Today's design systems typically consist of
three parts: a style guide, or multiple style guides, a pattern library, and a component
library. A style guide contains information about,
and examples of, how things should be done consistently across a product, website, or
suite of products or websites. Probably the most common type of style guide
relates to brand design: elements like font, colors, and trademarks. But UX style guides that tell design direction
and visual & interaction design standards, are necessary for any design system. Content style guides that include information
about areas like language and tone of voice are also highly effective. Style guides usually come in the form of a
document.
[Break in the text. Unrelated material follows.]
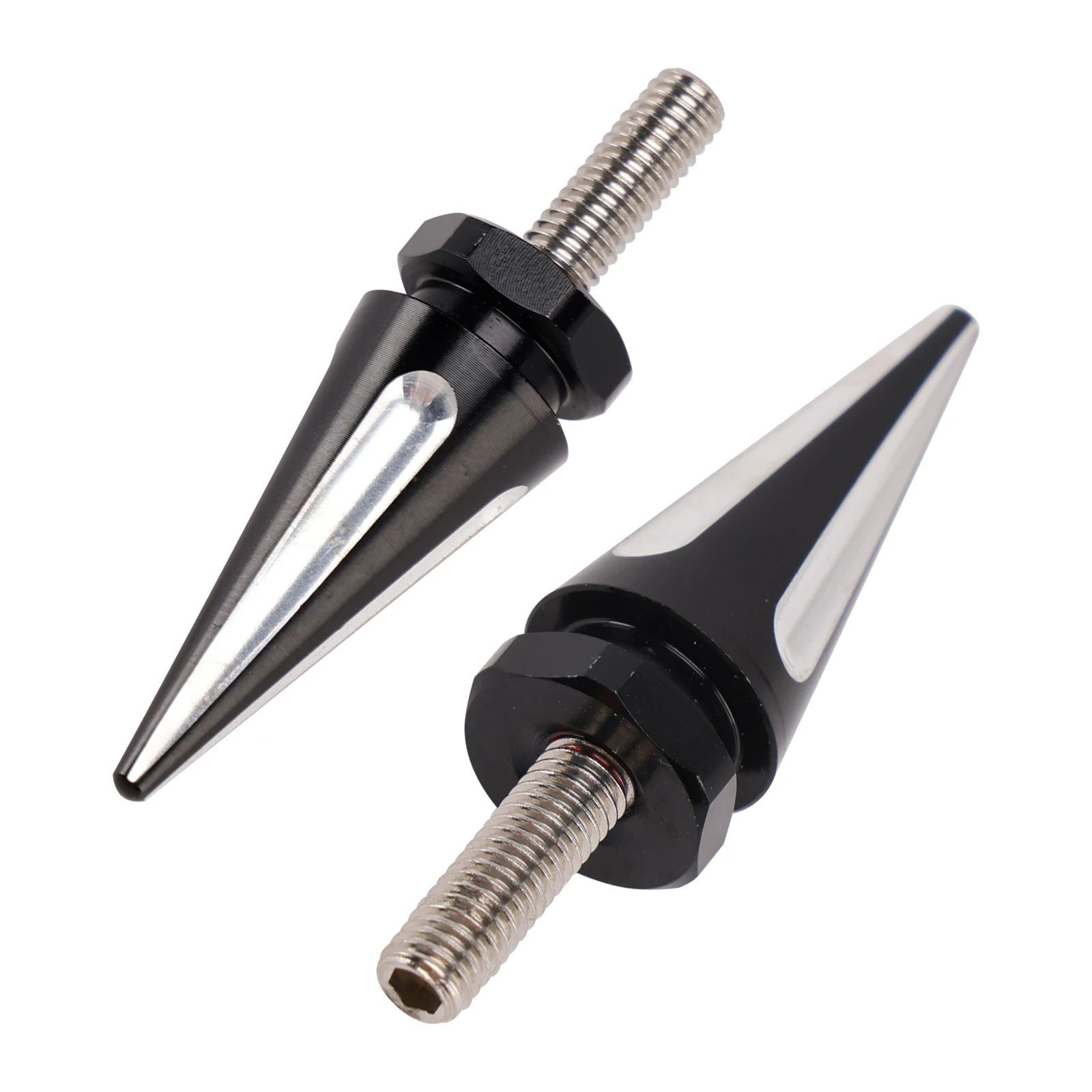 4 قطعة أسود/فضي الألومنيوم الزجاج الأمامي مسامير مدببة ل CVO الطريق الإنزلاق FLTR 2015 2016 2017 2018 2019 2020-2025 #5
They can be a section of an intranet but are
often saved as a PDF or some other static medium. This, of course, makes it hard to edit and
it brings forth document management issues. Pattern libraries include UI elements, like
forms and buttons, what they're for, and when to use them. Every pattern library has been usability tested,
and the design has been iterated. So the designs that make it into the library
are the team's best work in that area. Component libraries take things to the next
level and are UI patterns plus code. Organizations see huge cost savings at this
point because not only do designers get a head start on design, but developers don't
need to rewrite code that a colleague has already done. And just as UX designs have been tested for
usability, code has been reviewed and improved. So, the code that makes it into the library
is tight and fast. The style guides, pattern library, and component
library, comprise the design system. As for the library you use for your design system,
it'll depend on your front-end technology stack. But, you may choose a popular tool like Bootstrap,
Foundation, or Semantic UI. You may tweak one of these, or you may create
your own design system. Why have a design system? They enable so much, like enormous time savings
for designers, developers, and product teams; better UX design and code inter and intra
products; higher consistency in design, code, and brand; and increased team communication
and collaboration. Positive by-products of these things are more
satisfied users and customers and a shared design vision among and across product teams.